Looking in on the "I'll show you nerds how to math" theme, James Fallows points out the wide gap between what pollsters, poli-sci types, and poll aggregators are thinking, and what Republicans are expecting. Fallows concludes:
Someone is out of touch with reality here, and in a more fundamental way than I can recall.The point is not that an Obama win would "prove" Rove and Gingrich wrong, or a Romney win would "disprove" the state-poll models. We're talking about probabilities, not certainty. (To spell it out: A tossed coin has a 50 percent probability of coming up heads. The fact that it comes up tails doesn't "disprove" that probability.) But this is not like the normal closely-run election, in which both sides are saying, "It will be close, but I think it will turn out our way." Nor is it like the normal impending landslide, in which one side maintains a brave face but knows how things are headed.

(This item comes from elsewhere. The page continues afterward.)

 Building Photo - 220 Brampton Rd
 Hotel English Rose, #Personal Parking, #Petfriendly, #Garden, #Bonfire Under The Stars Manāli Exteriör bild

The one thing I would say is that in 2004 I detected the same "We're gonna shock the world" feeling. The thinking at that time was that Bush had pulled some sort of "upset," when in fact he'd basically done what polls said he'd probably do. With that said, should Obama win expect to hear a lot of talk about voter fraud, just as you heard a lot of talking about allegations of fraud in Ohio in 2004.
There is one big difference. On the right, voter fraud is an actual issue, and voter-ID laws are endorsed by basically every organ of the conservative movement. On the left, the notion that Bush stole Ohio was debunked by Mother Jones. The difference between left and right isn't the lack of appetite for intrigue and conspiracy. It's that the left has a partisan press, whereas the right has a partisan press office.